Required work
Transcribe the records that follow in their entirety, omitting any pictures.

Image-caption web data
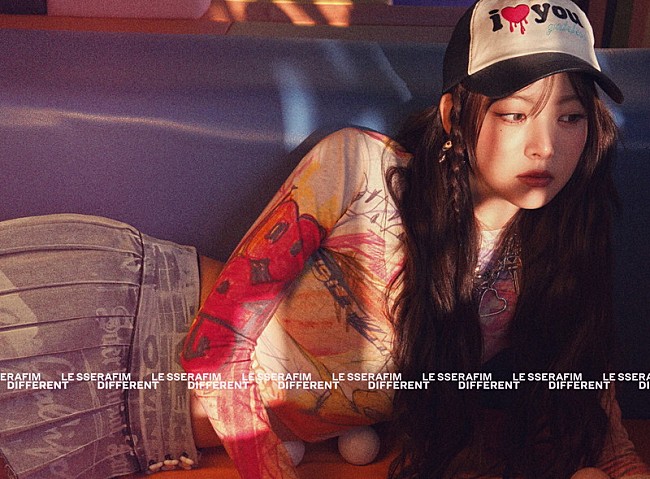 「HONG EUNCHAE」5枚目/5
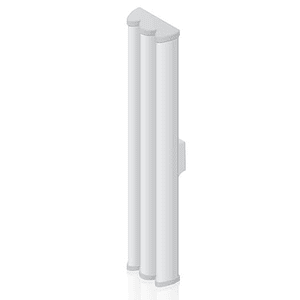 Antena Sectorial Ubiquiti AM-5G19-120 - 19dBi, 120°, 5GHz, 2x2 MIMO, req-Rocket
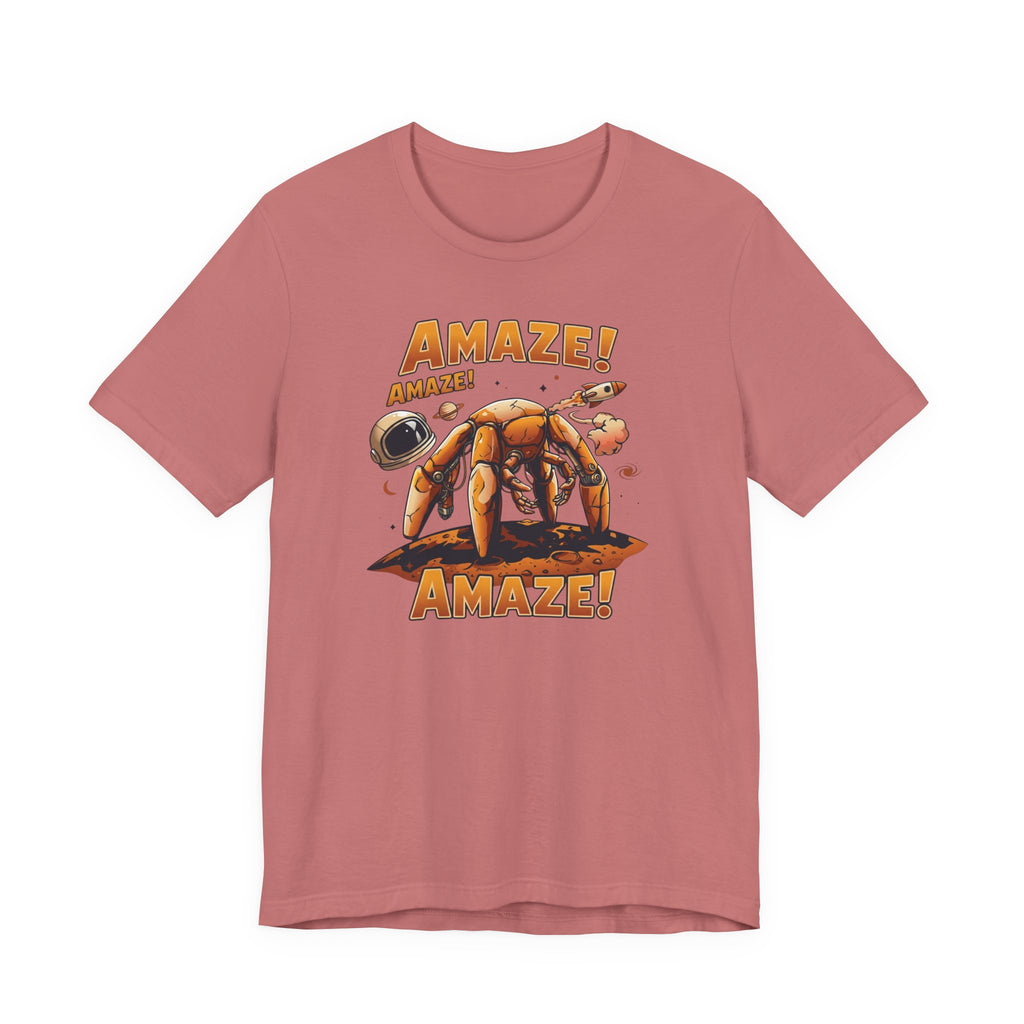 Amaze! Spider Retro Graphic Tee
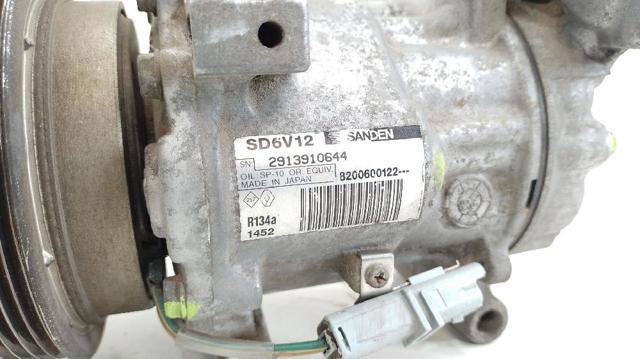RENAULT 8200600122 Compresor de aire acondicionado  comprar en Ponferrada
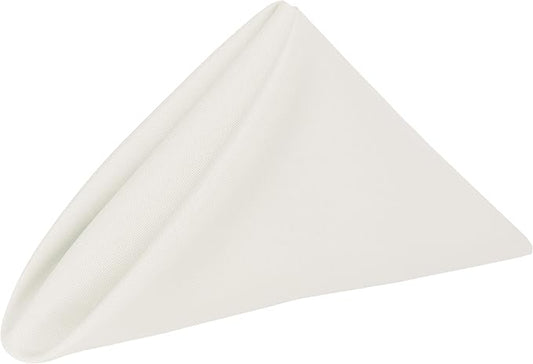 17x17-Inch Polyester Cloth Napkins, Oyster, Set of 36 by UltimateTextile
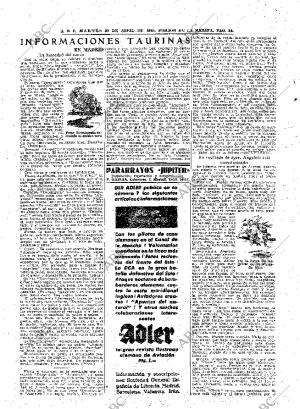 ABC MADRID 20-04-1943 página 14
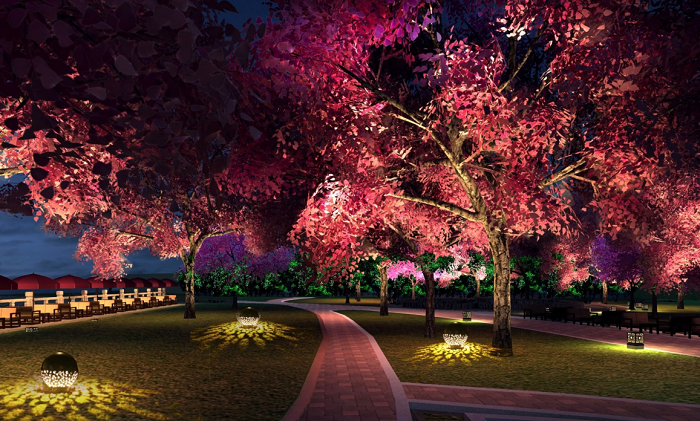 夜景亮化設計 夜景亮化設計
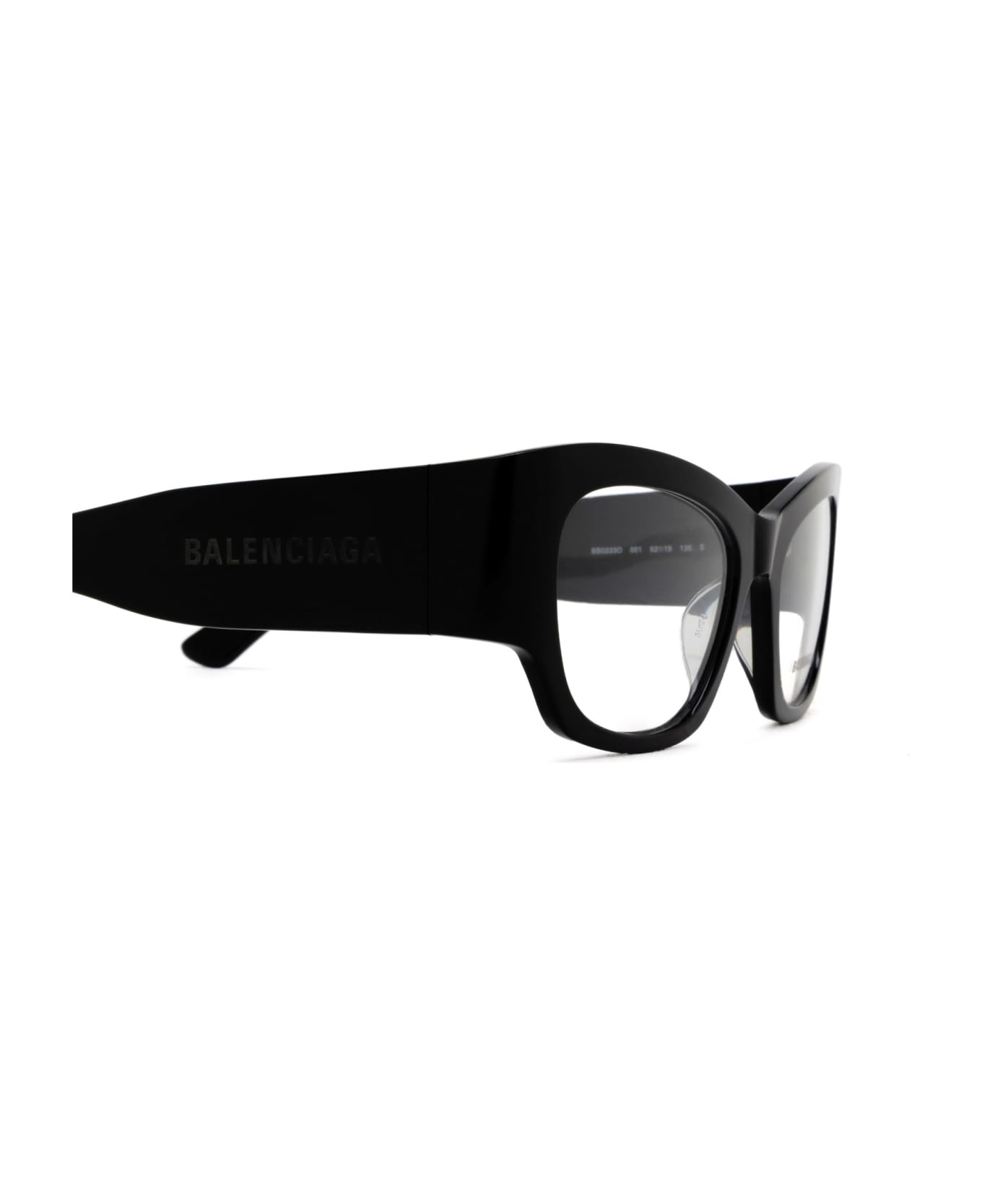 Balenciaga Eyewear Bb0333o Black Glasses - Black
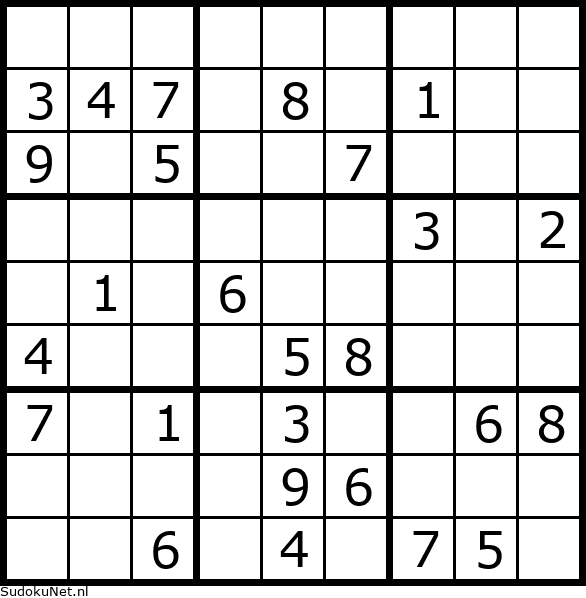 Sudoku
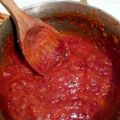 El cooksnap de Junior Santos cuando hizo Salsa de tomate para pizzas casera.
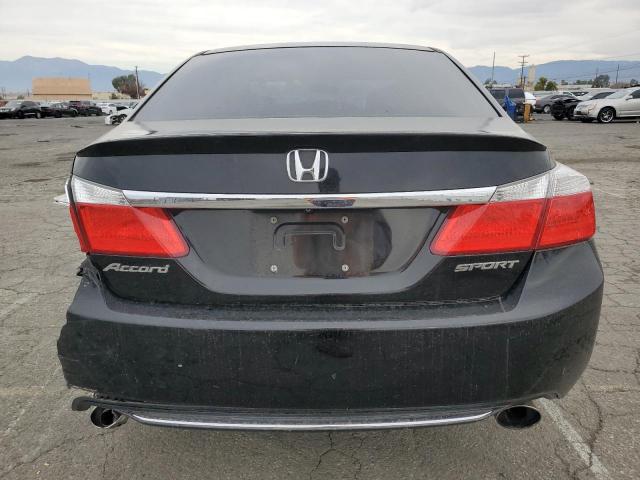  HONDA ACCORD 2014 Черный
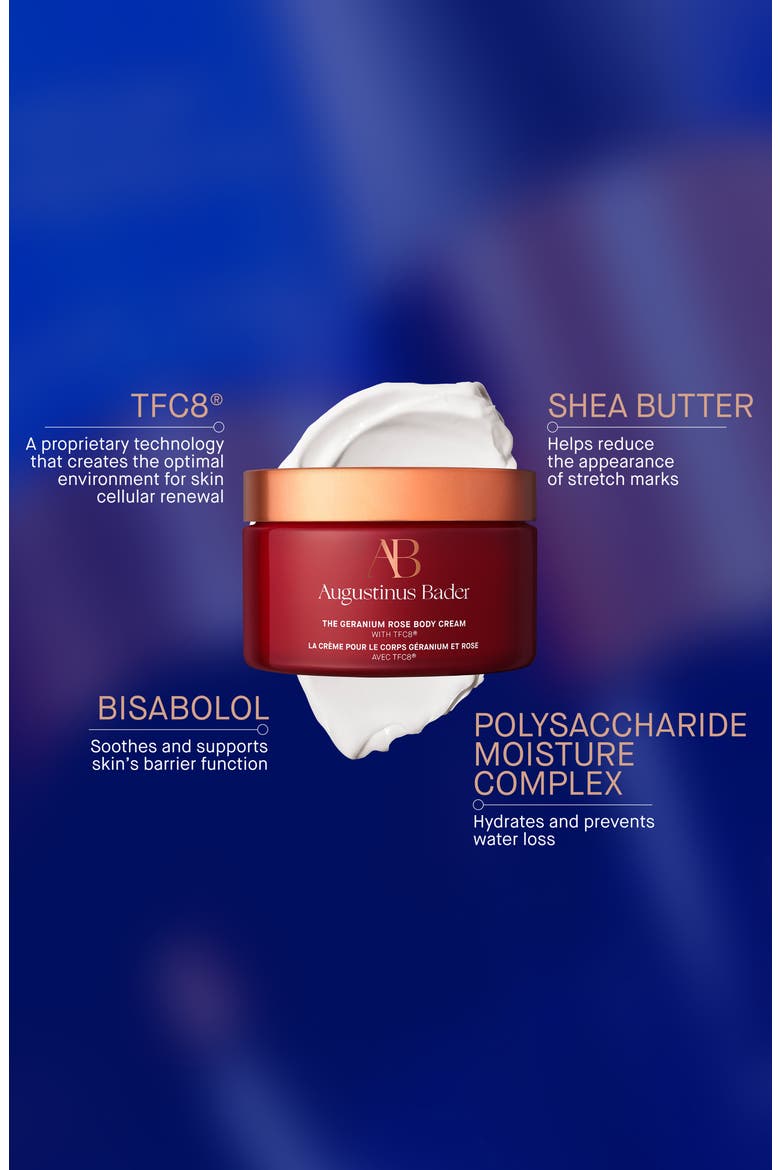 Geranium Rose Body Cream, Alternate, color, NO COLOR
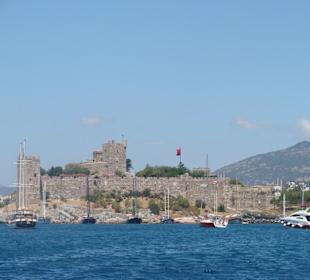 Zamek w Bodrum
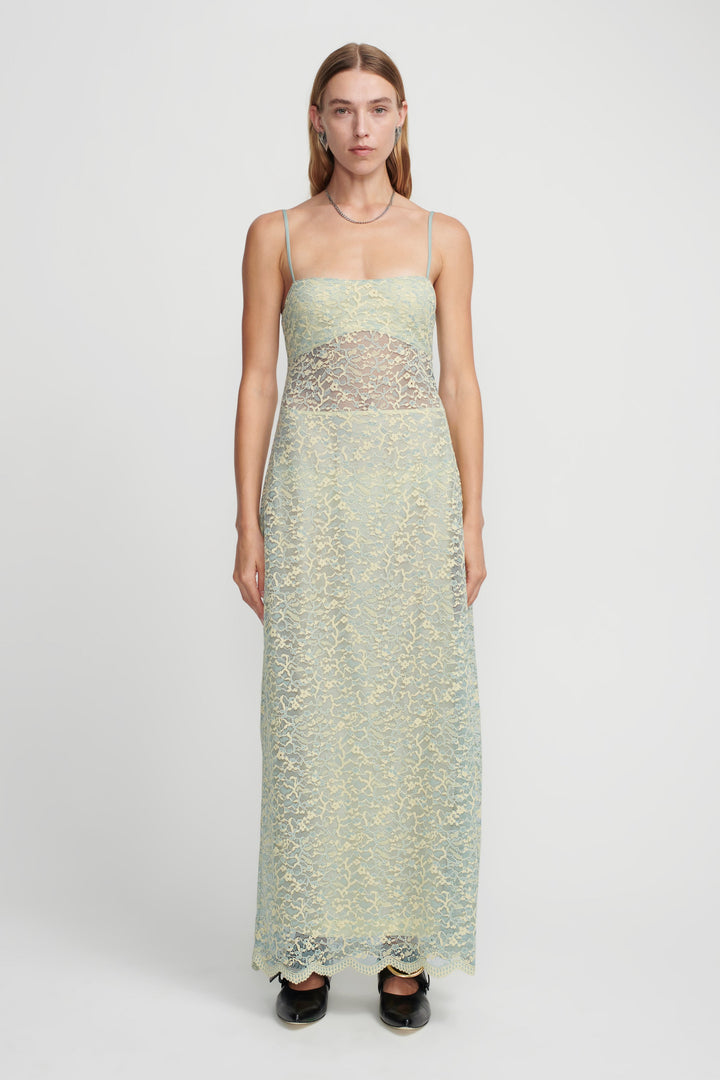Oracle Dress - Bluebell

Exercise answer
 「HONG EUNCHAE」5枚目/5
 Antena Sectorial Ubiquiti AM-5G19-120 - 19dBi, 120°, 5GHz, 2x2 MIMO, req-Rocket
 Amaze! Spider Retro Graphic Tee
RENAULT 8200600122 Compresor de aire acondicionado  comprar en Ponferrada
 17x17-Inch Polyester Cloth Napkins, Oyster, Set of 36 by UltimateTextile
 ABC MADRID 20-04-1943 página 14
 夜景亮化設計 夜景亮化設計
 Balenciaga Eyewear Bb0333o Black Glasses - Black
 Sudoku
 El cooksnap de Junior Santos cuando hizo Salsa de tomate para pizzas casera.
  HONDA ACCORD 2014 Черный
 Geranium Rose Body Cream, Alternate, color, NO COLOR
 Zamek w Bodrum
Oracle Dress - Bluebell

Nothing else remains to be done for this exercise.